◆ **Your task**:
Omit the images and output every line of the data below exactly.

◆ **Raw data**:
=== Begin Enclosure ===
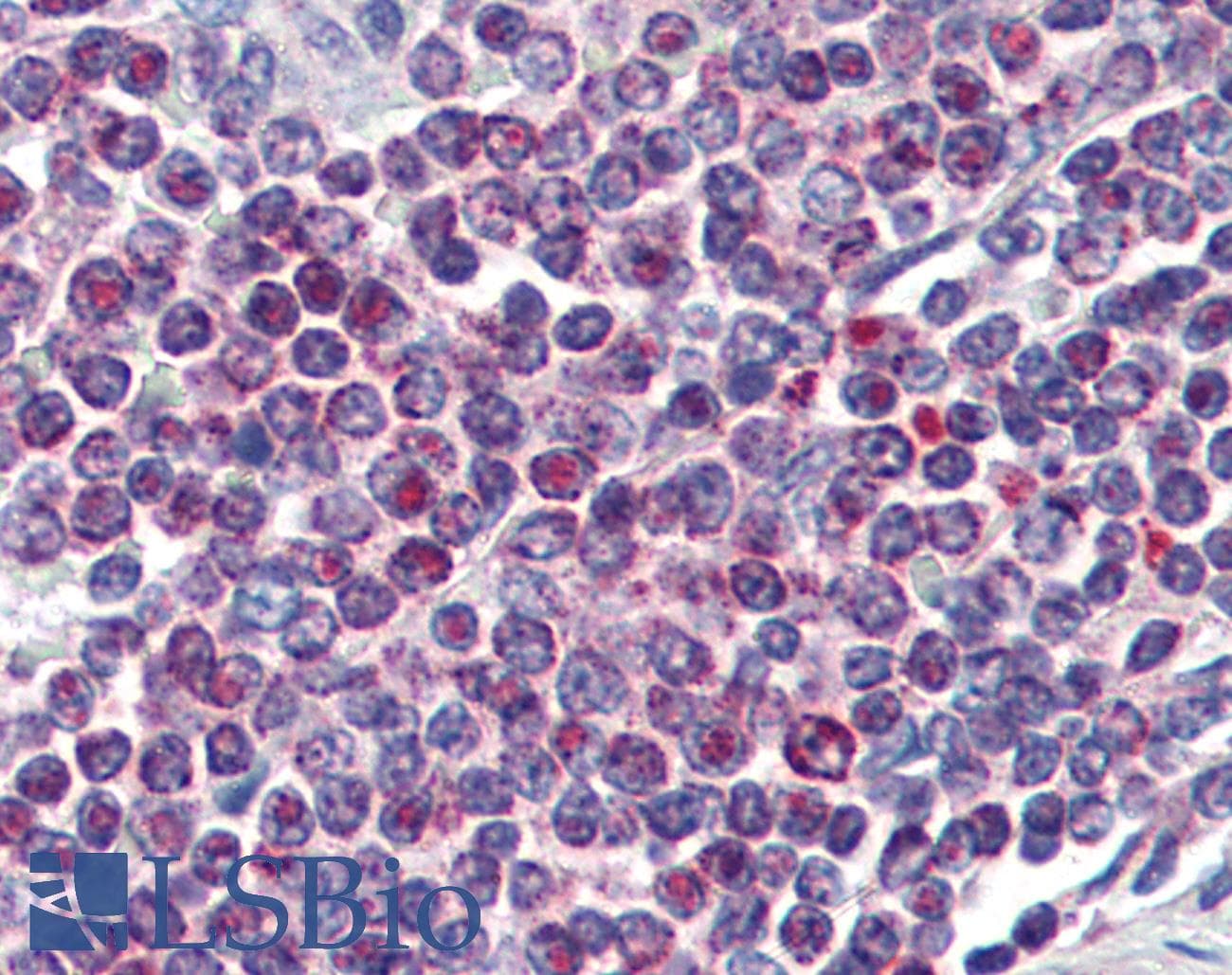 IHC-plus™ NFATC1 / NFAT2 Antibody (aa428-716, clone AT1C3)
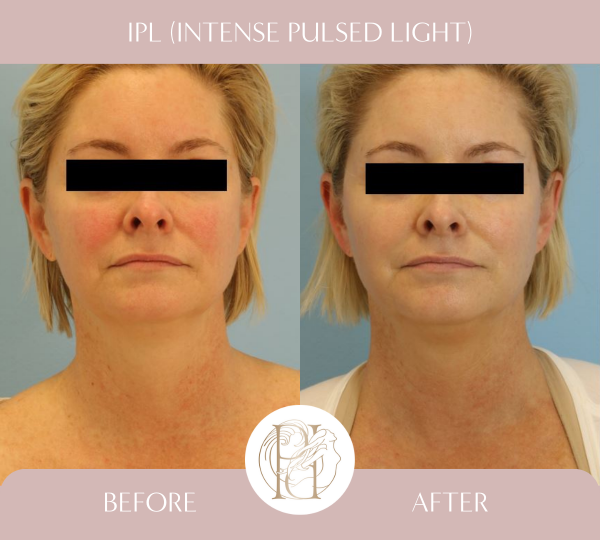 3 Treatments of IPL (Photofacial) for face, neck and chest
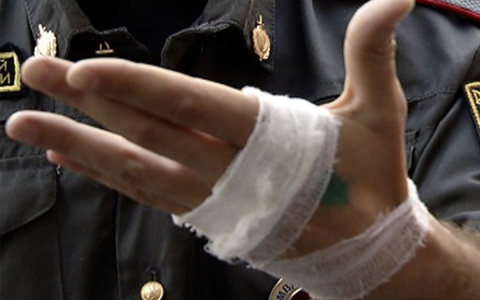 В Коми осудили женщину, которая покусала полицейского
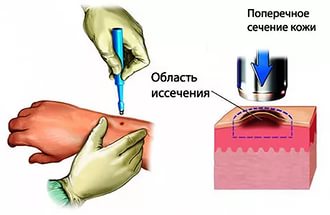 реально вилікувати рак 4 стадії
=== End Enclosure ===
◆ **Solution for this problem**:
 IHC-plus™ NFATC1 / NFAT2 Antibody (aa428-716, clone AT1C3)
 3 Treatments of IPL (Photofacial) for face, neck and chest
 В Коми осудили женщину, которая покусала полицейского
 реально вилікувати рак 4 стадії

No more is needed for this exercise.